Write an application specification
This tutorial guides you through the steps to write an application specification. It reuses the specifications introduced in the more advanced deployment tutorial.
In order to be able to run through the steps of these tutorials in a live Avassa environment, sign up for a free trial and we will set you up with a running system.
The reference section includes a number of application examples.
Prerequisites
This tutorial assumes you have supctl
installed and that you have
logged in supctl to your Control Tower (See Create your first Avassa environment).
The Application
The application we are going to build is the full version of the theater room manager application that you may recognize from the more advanced tutorial. The final version will look like this:
name: theater-room-manager
version: "1.0"
services:
- name: theater-operations
variables:
- name: OPERATIONS_USERNAME
value-from-vault-secret:
vault: operations
secret: credentials
key: username
volumes:
- name: credentials
vault-secret:
vault: operations
secret: credentials
containers:
- name: projector-operations
image: "registry.gitlab.com/avassa-public/movie-theaters-demo/projector-operations:v1.0"

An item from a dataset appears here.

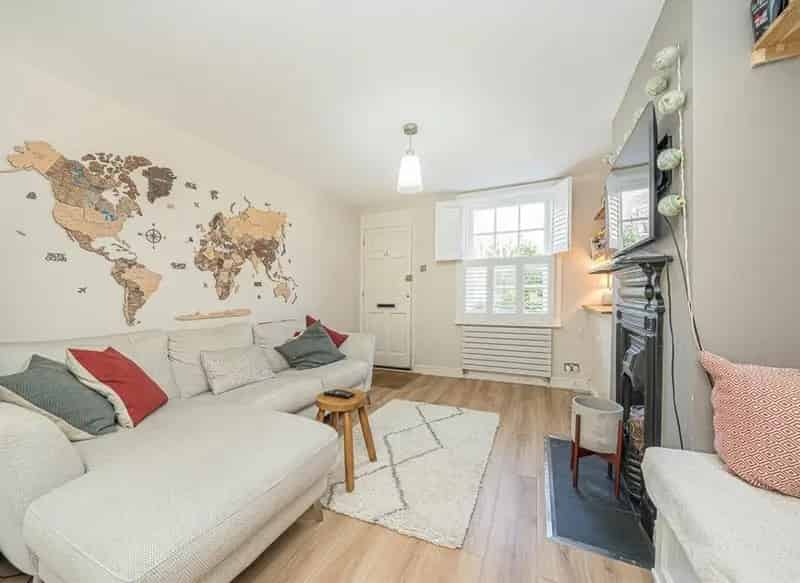 Two Double Bedroom Victorian House Twickenham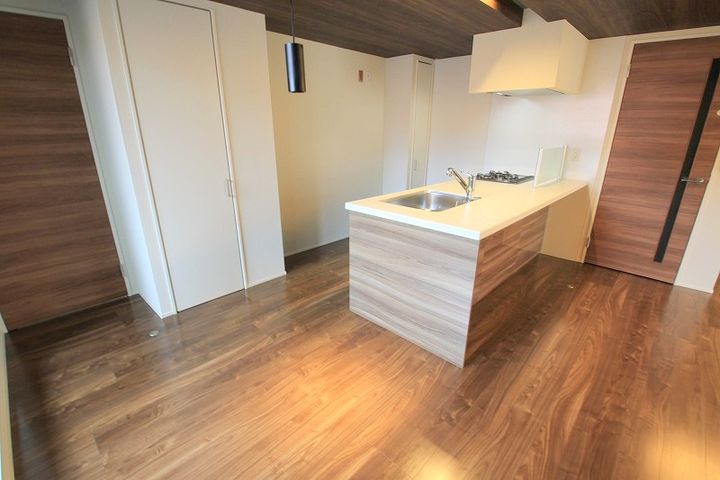 アズール牛田本町の居間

- name: digital-assets-manager
image: "registry.gitlab.com/avassa-public/movie-theaters-demo/digital-assets-manager:v1.0"
env:
USERNAME: ${OPERATIONS_USERNAME}
mounts:
- volume-name: credentials
mount-path: /credentials
mode: replicated
replicas: 1
placement:
preferred-anti-affinity:
services: [ curtain-controller ]
- name: curtain-controller
containers:
- name: curtain-controller
image: "registry.gitlab.com/avassa-public/movie-theaters-demo/curtain-controller:v1.0"
network:
ingress-ip-per-instance:
protocols:
- name: tcp
port-ranges: "80,443"
mode: replicated
replicas: 1
placement:
preferred-anti-affinity:
services: [ theater-operations ]
Details
The application consists of three images:
registry.gitlab.com/registry.gitlab.com/avassa-public/movie-theaters-demo/projector-operations:v1.0
registry.gitlab.com/registry.gitlab.com/avassa-public/movie-theaters-demo/digital-assets-manager:v1.0
registry.gitlab.com/registry.gitlab.com/avassa-public/movie-theaters-demo/curtain-controller:v1.0
The projector operations and the digial assets manager have to run together, hence we put them in the same service.
The curtain controller should be run on a separate host if the movie theater has multiple hosts.
The digital assets manager needs to have access to some credentials.
The username is read from the environment in a variable called
USERNAME
and the password is read from a file called /credentials/password
.
Further, the curtain controller needs to have an IP address allocated to make it accessible from the local network. The curtain controller listens on TCP ports 80 and 443.
Setting up the Vault
Then we create a vault called operations
. For simplicity, we also
instruct the system to distribute the secrets in this vault to all sites. For more details, see here.
supctl create strongbox vaults <<EOF
name: operations
distribute:
to: all
EOF
Now we create a key/value map called credentials
in this vault. We allow any image to access this key/value map.
supctl create strongbox vaults operations secrets <<EOF
name: credentials
allow-image-access:
- "*"
data:
username: my-username
password: my-password
EOF
Basic application structure
Please open your favorite editor and start adding the following content.
name: theater-room-manager
version: "1.0"
services:
- name: theater-operations
containers:
- name: projector-operations
image: "registry.gitlab.com/avassa-public/movie-theaters-demo/projector-operations:v1.0"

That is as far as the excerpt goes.